本開示によれば、単一細胞と細胞クラスターとを同時に、個別に、かつ、識別可能に捕捉することができる。
本実施の形態における背景を示す模式図である。 本実施の形態における捕捉のターゲットの概念を示す図である。 本実施の形態における細胞捕捉装置の構成を示す概略図である。 本実施の形態における細胞捕捉装置の概略分解図である。 本実施の形態における細胞捕捉装置の床部の概略上面図である。 本実施の形態における細胞捕捉装置のマイクロウェルの構成を示す概略断面図である。 誘電泳動の原理を説明する図である。 従来の細胞捕捉装置の床部の概略上面図である。 従来の細胞捕捉装置のマイクロウェルの構成を示す概略断面図である。 従来の細胞捕捉装置のマイクロウェルにおける電気力線の変化を示す図である。 従来の細胞捕捉装置によって捕捉された細胞を示す顕微鏡写真である。 従来及び本実施の形態における細胞捕捉装置によって捕捉された細胞を示す顕微鏡写真であって図11の要部拡大写真である。 従来の細胞捕捉装置のマイクロウェルに捕捉された細胞の分布を示す図である。 本実施の形態における細胞捕捉装置のマイクロウェルにおける電気力線の変化を示す図である。 本実施の形態における細胞捕捉装置のマイクロウェルに捕捉された細胞を示す図である。 本実施の形態における第1の実験の概要を示す図である。 本実施の形態における第1の実験の結果を示す図である。 本実施の形態における第2の実験の概要を示す図である。 本実施の形態における第2の実験の結果を示す写真である。 本実施の形態における第2の実験の結果を示す第1の図である。 本実施の形態における第2の実験の結果を示す第2の図である。

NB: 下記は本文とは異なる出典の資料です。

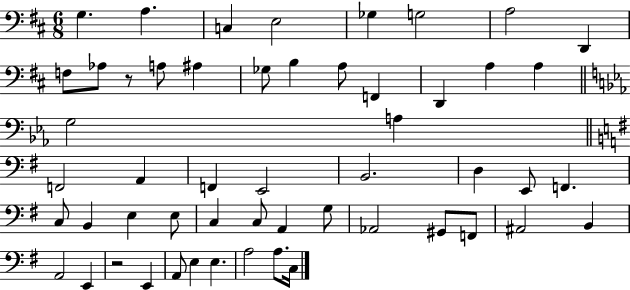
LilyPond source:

{
  \clef bass
  \numericTimeSignature
  \time 6/8
  \key d \major
  g4. a4. | c4 e2 | ges4 g2 | a2 d,4 | \break f8 aes8 r8 a8 ais4 | ges8 b4 a8 f,4 | d,4 a4 a4 | \bar "||" \break \key c \minor g2 a4 | \bar "||" \break \key g \major f,2 a,4 | f,4 e,2 | b,2. | d4 e,8 f,4. | \break c8 b,4 e4 e8 | c4 c8 a,4 g8 | aes,2 gis,8 f,8 | ais,2 b,4 | \break a,2 e,4 | r2 e,4 | a,8 e4 e4. | a2 a8. c16 | \break \bar "|."
} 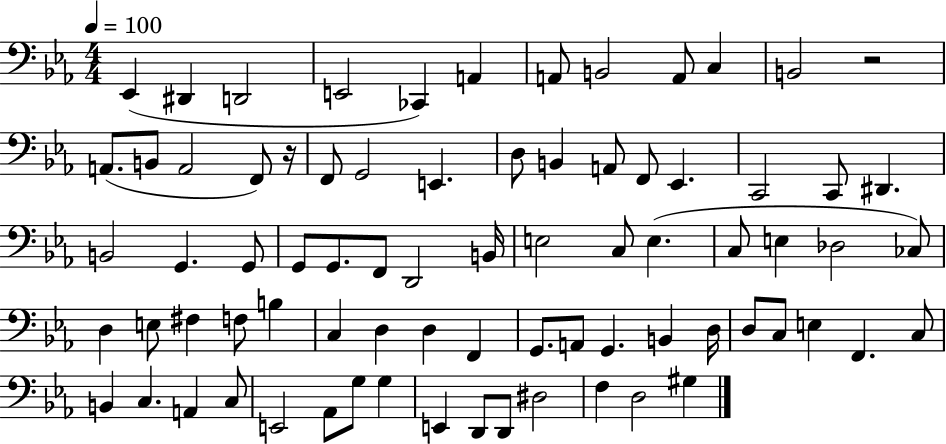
Eb2/q D#2/q D2/h E2/h CES2/q A2/q A2/e B2/h A2/e C3/q B2/h R/h A2/e. B2/e A2/h F2/e R/s F2/e G2/h E2/q. D3/e B2/q A2/e F2/e Eb2/q. C2/h C2/e D#2/q. B2/h G2/q. G2/e G2/e G2/e. F2/e D2/h B2/s E3/h C3/e E3/q. C3/e E3/q Db3/h CES3/e D3/q E3/e F#3/q F3/e B3/q C3/q D3/q D3/q F2/q G2/e. A2/e G2/q. B2/q D3/s D3/e C3/e E3/q F2/q. C3/e B2/q C3/q. A2/q C3/e E2/h Ab2/e G3/e G3/q E2/q D2/e D2/e D#3/h F3/q D3/h G#3/q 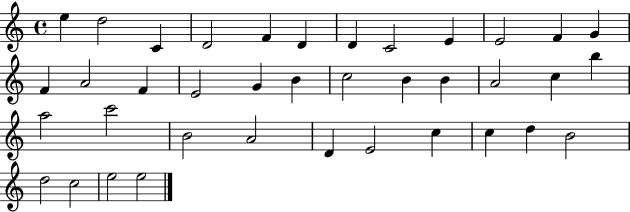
X:1
T:Untitled
M:4/4
L:1/4
K:C
e d2 C D2 F D D C2 E E2 F G F A2 F E2 G B c2 B B A2 c b a2 c'2 B2 A2 D E2 c c d B2 d2 c2 e2 e2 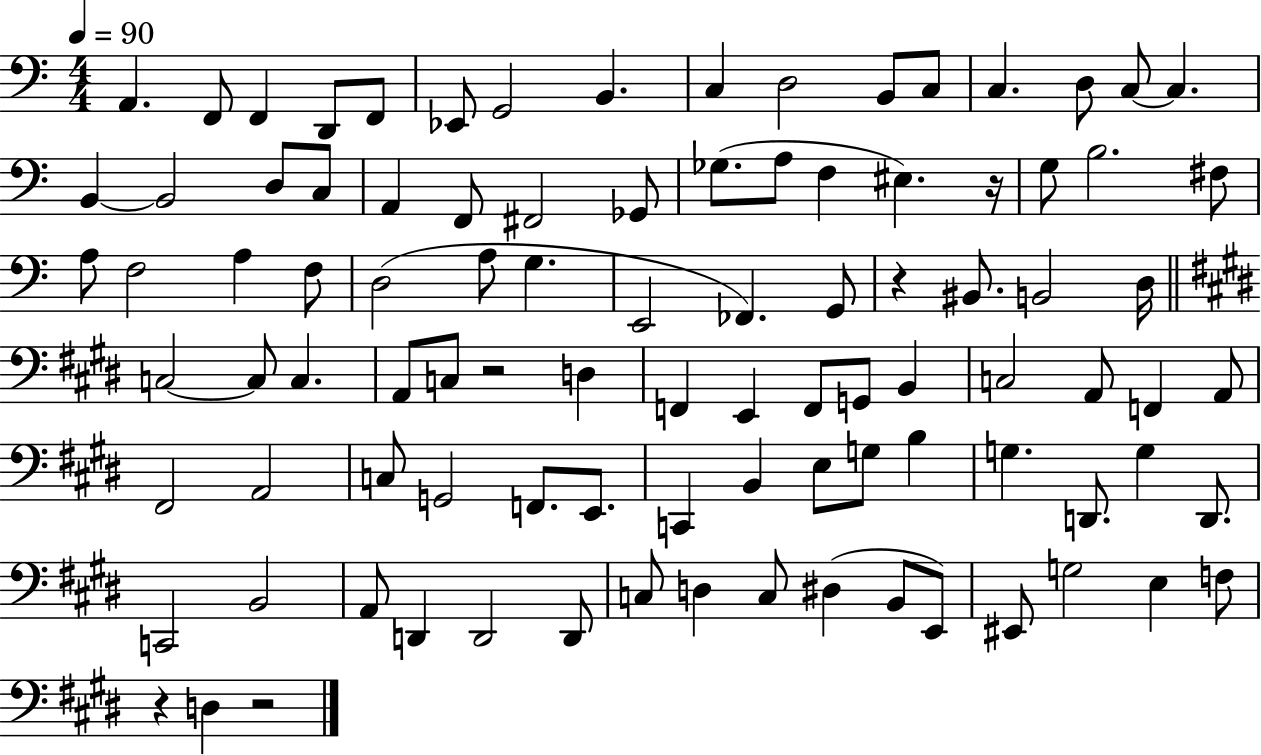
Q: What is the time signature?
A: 4/4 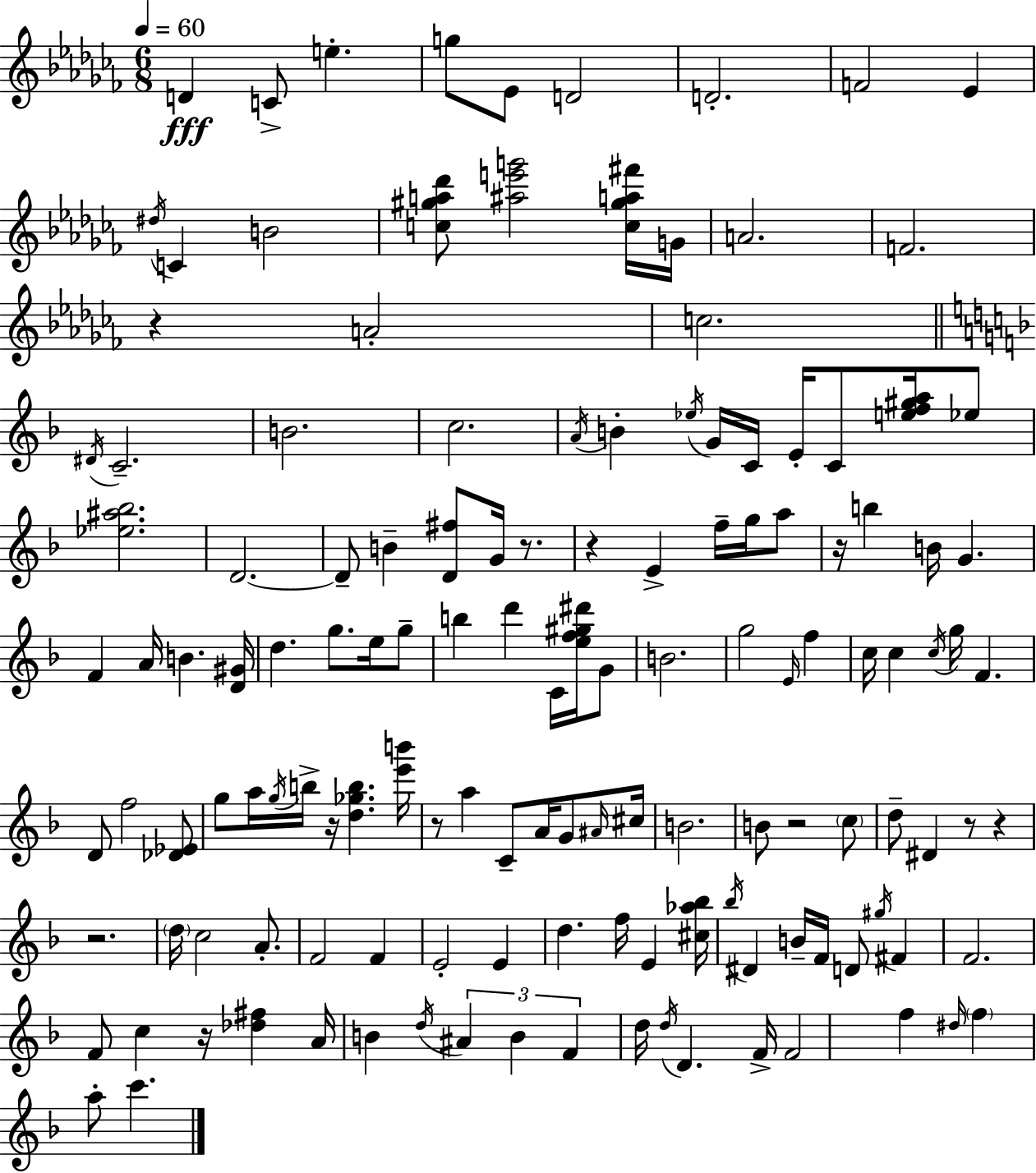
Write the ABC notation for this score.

X:1
T:Untitled
M:6/8
L:1/4
K:Abm
D C/2 e g/2 _E/2 D2 D2 F2 _E ^d/4 C B2 [c^ga_d']/2 [^ae'g']2 [c^ga^f']/4 G/4 A2 F2 z A2 c2 ^D/4 C2 B2 c2 A/4 B _e/4 G/4 C/4 E/4 C/2 [ef^ga]/4 _e/2 [_e^a_b]2 D2 D/2 B [D^f]/2 G/4 z/2 z E f/4 g/4 a/2 z/4 b B/4 G F A/4 B [D^G]/4 d g/2 e/4 g/2 b d' C/4 [ef^g^d']/4 G/2 B2 g2 E/4 f c/4 c c/4 g/4 F D/2 f2 [_D_E]/2 g/2 a/4 g/4 b/4 z/4 [d_gb] [e'b']/4 z/2 a C/2 A/4 G/2 ^A/4 ^c/4 B2 B/2 z2 c/2 d/2 ^D z/2 z z2 d/4 c2 A/2 F2 F E2 E d f/4 E [^c_a_b]/4 _b/4 ^D B/4 F/4 D/2 ^g/4 ^F F2 F/2 c z/4 [_d^f] A/4 B d/4 ^A B F d/4 d/4 D F/4 F2 f ^d/4 f a/2 c' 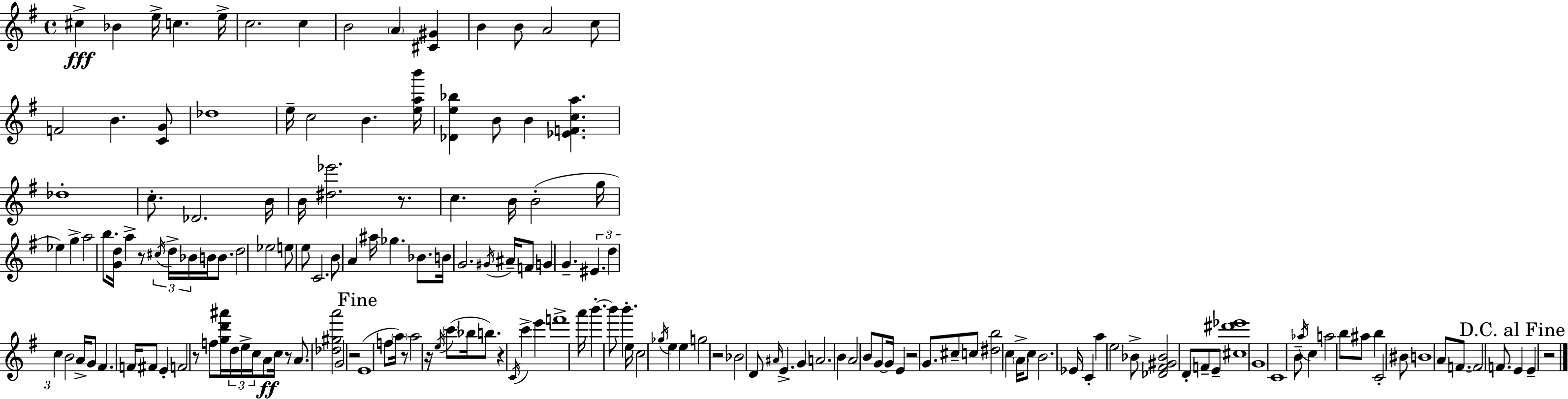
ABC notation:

X:1
T:Untitled
M:4/4
L:1/4
K:G
^c _B e/4 c e/4 c2 c B2 A [^C^G] B B/2 A2 c/2 F2 B [CG]/2 _d4 e/4 c2 B [eab']/4 [_De_b] B/2 B [_EFca] _d4 c/2 _D2 B/4 B/4 [^d_e']2 z/2 c B/4 B2 g/4 _e g a2 b/2 [Gd]/4 a z/2 ^c/4 d/4 _B/4 B/4 B/2 d2 _e2 e/2 e/2 C2 B/2 A ^a/4 _g _B/2 B/4 G2 ^G/4 ^A/4 F/2 G G ^E d c B2 A/4 G/2 ^F F/4 ^F/2 E F2 z/2 f/2 [gd'^a']/4 d/4 e/4 c/4 A/2 c/4 z/2 A/2 [_d^ga']2 G2 z2 E4 f/2 a/4 z/2 a2 z/4 e/4 c'/2 _b/4 b/2 z C/4 c' e' f'4 a'/4 b' b'/2 b' e/4 c2 _g/4 e e g2 z2 _B2 D/2 ^A/4 E G A2 B A2 B/2 G/2 G/4 E z2 G/2 ^c/2 c/2 [^db]2 c A/4 c/2 B2 _E/4 C a e2 _B/2 [_D^F^G_B]2 D/2 F/2 E/2 [^c^d'_e']4 G4 C4 B/2 _a/4 c a2 b/2 ^a/2 b C2 ^B/2 B4 A/2 F/2 F2 F/2 E E z2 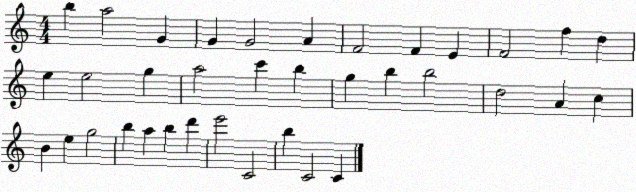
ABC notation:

X:1
T:Untitled
M:4/4
L:1/4
K:C
b a2 G G G2 A F2 F E F2 f d e e2 g a2 c' b g b b2 d2 A c B e g2 b a b d' e'2 C2 b C2 C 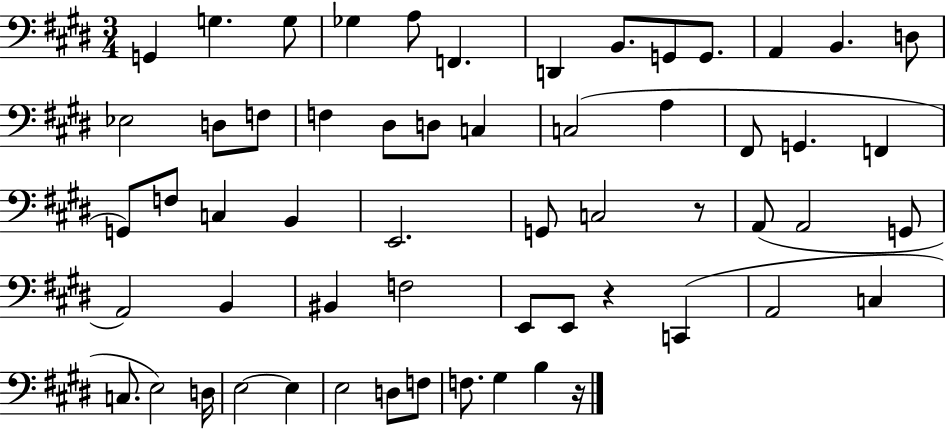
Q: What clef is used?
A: bass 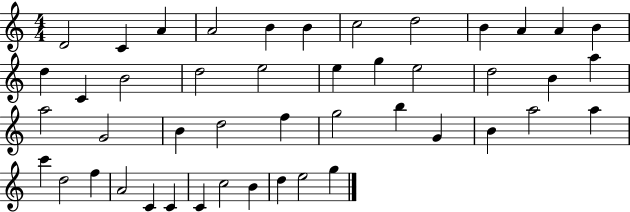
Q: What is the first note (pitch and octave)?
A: D4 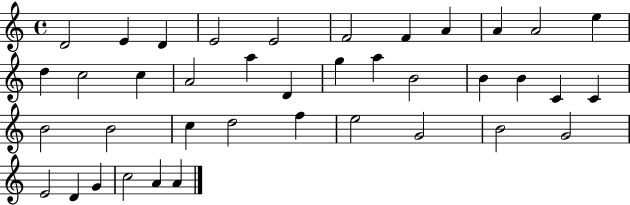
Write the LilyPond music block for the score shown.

{
  \clef treble
  \time 4/4
  \defaultTimeSignature
  \key c \major
  d'2 e'4 d'4 | e'2 e'2 | f'2 f'4 a'4 | a'4 a'2 e''4 | \break d''4 c''2 c''4 | a'2 a''4 d'4 | g''4 a''4 b'2 | b'4 b'4 c'4 c'4 | \break b'2 b'2 | c''4 d''2 f''4 | e''2 g'2 | b'2 g'2 | \break e'2 d'4 g'4 | c''2 a'4 a'4 | \bar "|."
} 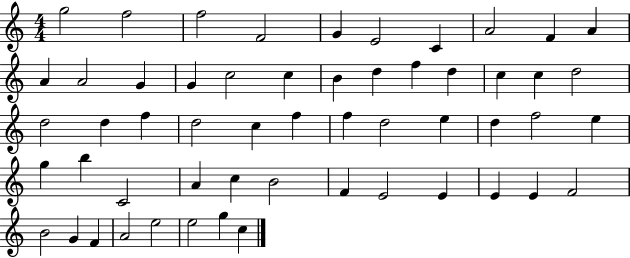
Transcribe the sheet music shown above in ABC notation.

X:1
T:Untitled
M:4/4
L:1/4
K:C
g2 f2 f2 F2 G E2 C A2 F A A A2 G G c2 c B d f d c c d2 d2 d f d2 c f f d2 e d f2 e g b C2 A c B2 F E2 E E E F2 B2 G F A2 e2 e2 g c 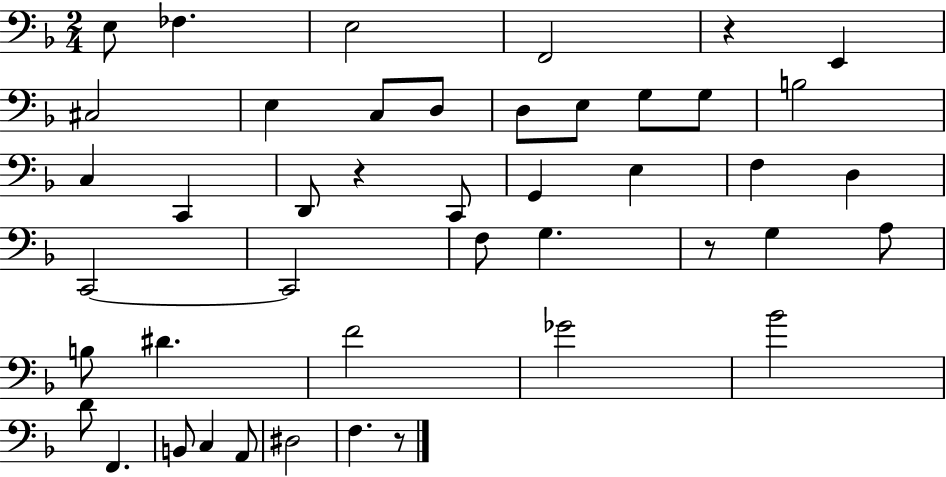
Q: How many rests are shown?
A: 4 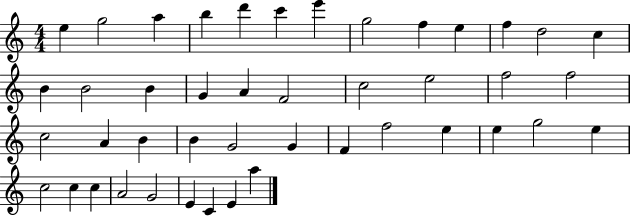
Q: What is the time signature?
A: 4/4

以下、実施の形態について図面を参照しながら詳細に説明する。
図1は本実施の形態における背景を示す模式図、図2は本実施の形態における捕捉のターゲットの概念を示す図である。
本実施の形態は、単一細胞と細胞クラスターとを同時に、個別に、かつ、識別可能に捕捉することができる細胞捕捉装置を提案する。
がん患者の末梢血に含まれる血中循環腫瘍細胞は、がんの原発巣の大きさと相関があり、血中循環腫瘍細胞の細胞クラスターは、単一細胞よりも高い転移能があると報告されている。図1に示されるように、がんの原発巣(primary lesion)の細胞は、血管(blood vessel)内に浸潤(infiltration)し、循環腫瘍細胞(circulationg tumor cell:CTC) や循環腫瘍細胞クラスター(CTC cluster) として、白血球(WBC) や赤血球(RBC) とともに、血中を循環する。図2に示されるような循環腫瘍細胞クラスター、すなわち、循環腫瘍細胞の細胞クラスターは、単一細胞が複数個(例えば、2〜50個)集合したものであるが、循環腫瘍細胞の2〜5〔%〕程度の割合で存在する。しかし、細胞クラスターは、単一細胞よりも転移能が23〜50倍高いと言われている。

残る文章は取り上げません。